Input: 9×9×512 feature map
  │
  ├──→ S attention maps (each 9×9, learned via 1×1 conv)
  │         │
  │         ▼
  │    spatial_attn_i(x) = sigmoid(conv(x))  # per-token attention
  │         │
  │         ▼
  └──→ token_i = Σ(spatial_attn_i ⊙ x)  # weighted spatial pooling
       │
       ▼
Output: 8 tokens × 512 dims

92.4 FiLM Conditioning

Language conditions vision via Feature-wise Linear Modulation:

$$\text{FiLM}(x, \gamma, \beta) = \gamma \odot x + \beta$$

where $\gamma, \beta$ are predicted from the language embedding.

92.5 Action Head

RT-1 predicts actions as discrete tokens (Day 83's uniform binning):

Dimension Range Description
$\Delta x$ [-0.05, 0.05]m End-effector x delta
$\Delta y$ [-0.05, 0.05]m End-effector y delta
$\Delta z$ [-0.05, 0.05]m End-effector z delta
$\Delta\text{roll}$ [-π/4, π/4] Rotation
$\Delta\text{pitch}$ [-π/4, π/4] Rotation
$\Delta\text{yaw}$ [-π/4, π/4] Rotation
gripper {open, close} Binary
base $\Delta x$ [-0.05, 0.05]m Mobile base
base $\Delta y$ [-0.05, 0.05]m Mobile base
base $\Delta\theta$ [-π/4, π/4] Base rotation
terminate {continue, stop} Episode termination

Each predicted independently via separate softmax heads (parallel decoding).

92.6 Results

Metric RT-1 BC-Z (prior SOTA) Gato
Seen tasks 97% 89% 57%
Unseen tasks 76% 53% 33%
Unseen objects 56% 25% -
Parameters 35M 120M 1.2B

Key insight: RT-1 shows that a relatively small transformer with lots of real data can generalize to novel situations.


Implementation (60 min)

Simplified RT-1

import torch
import torch.nn as nn
import torchvision.models as models

class FiLM(nn.Module):
    """Feature-wise Linear Modulation."""
    def __init__(self, cond_dim, feature_dim):
        super().__init__()
        self.gamma = nn.Linear(cond_dim, feature_dim)
        self.beta = nn.Linear(cond_dim, feature_dim)

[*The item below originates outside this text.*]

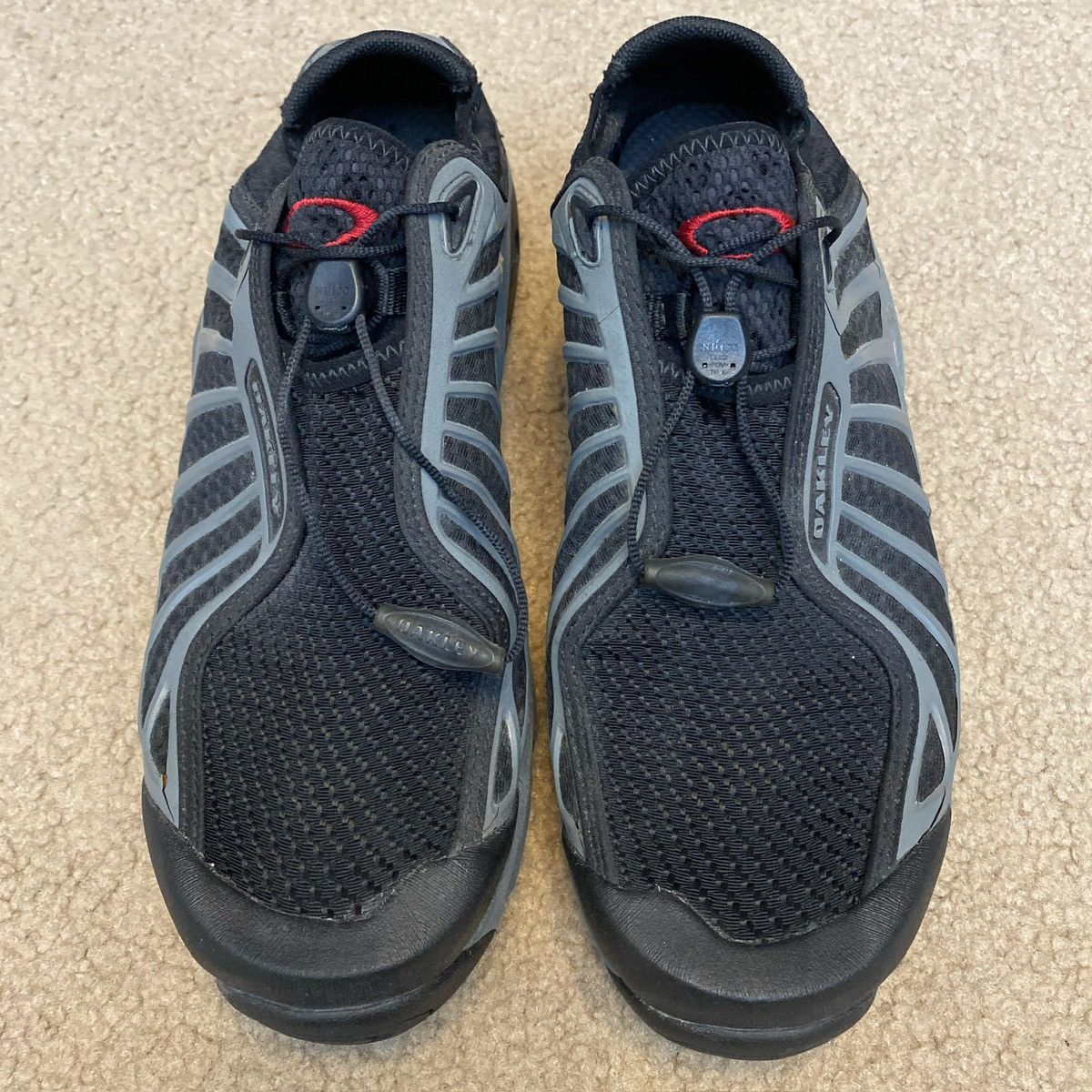 Oakley × Vintage Vintage Rare Oakley Slip On Mesh Gorpcore Shoes Size US 9.5 / EU 42-43 - 2 Thumbnail
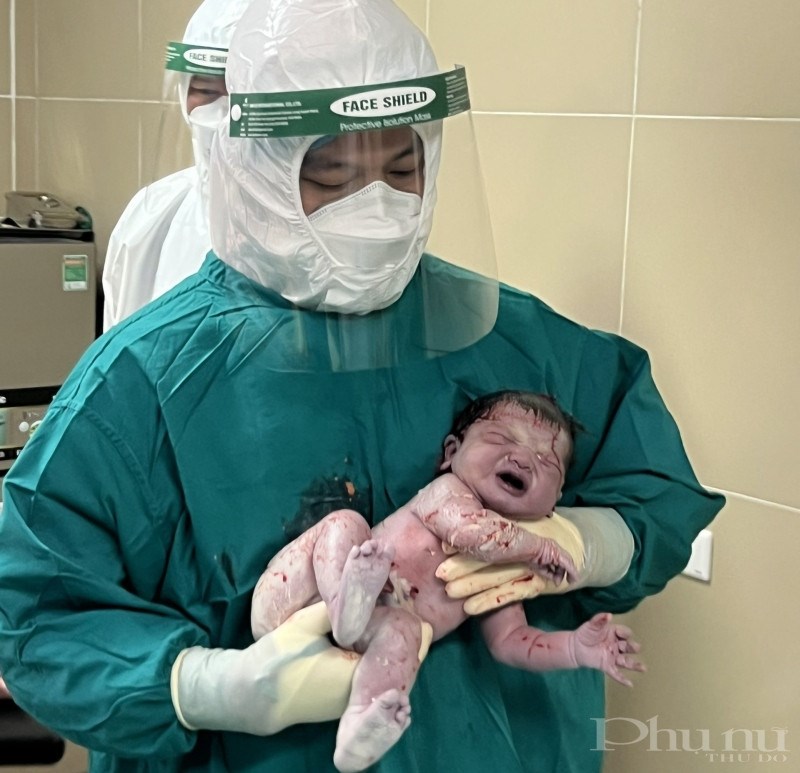 Em bé đặc biệt chào đời vào giờ phút Giao thừa bằng sinh mổ, tại cơ sở thu dung, chăm sóc thai phụ mắc Covid-19 bệnh viện Phụ Sản Hà Nội.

    def forward(self, x, cond):
        # x: (B, H, W, C) or (B, C)
        gamma = self.gamma(cond)
        beta = self.beta(cond)
        if x.dim() == 4:
            gamma = gamma.unsqueeze(1).unsqueeze(1)
            beta = beta.unsqueeze(1).unsqueeze(1)
        return gamma * x + beta

class TokenLearner(nn.Module):
    """Learn S tokens from spatial features."""
    def __init__(self, in_channels, n_tokens=8):
        super().__init__()
        self.n_tokens = n_tokens
        self.attention_maps = nn.ModuleList([
            nn.Sequential(
                nn.Conv2d(in_channels, in_channels // 4, 1),
                nn.ReLU(),
                nn.Conv2d(in_channels // 4, 1, 1),
                nn.Sigmoid(),
            )
            for _ in range(n_tokens)
        ])

    def forward(self, x):
        # x: (B, C, H, W)
        B, C, H, W = x.shape
        tokens = []
        for attn in self.attention_maps:
            mask = attn(x)  # (B, 1, H, W)
            token = (x * mask).sum(dim=(2, 3)) / (mask.sum(dim=(2, 3)) + 1e-6)
            tokens.append(token)
        return torch.stack(tokens, dim=1)  # (B, S, C)

class RT1(nn.Module):
    def __init__(self, n_actions=11, n_bins=256, lang_dim=512,
                 n_tokens=8, d_model=512, n_heads=8, n_layers=8):
        super().__init__()
        # Vision backbone (frozen EfficientNet → simplified to ResNet-18)
        resnet = models.resnet18(pretrained=True)
        self.vision = nn.Sequential(*list(resnet.children())[:-2])  # Remove avgpool + fc
        vis_dim = 512

        # Language conditioning
        self.film = FiLM(lang_dim, vis_dim)

        # Token reduction
        self.token_learner = TokenLearner(vis_dim, n_tokens)

        # Transformer
        encoder_layer = nn.TransformerEncoderLayer(
            d_model=d_model, nhead=n_heads,
            dim_feedforward=d_model*4, batch_first=True,
        )
        self.transformer = nn.TransformerEncoder(encoder_layer, n_layers)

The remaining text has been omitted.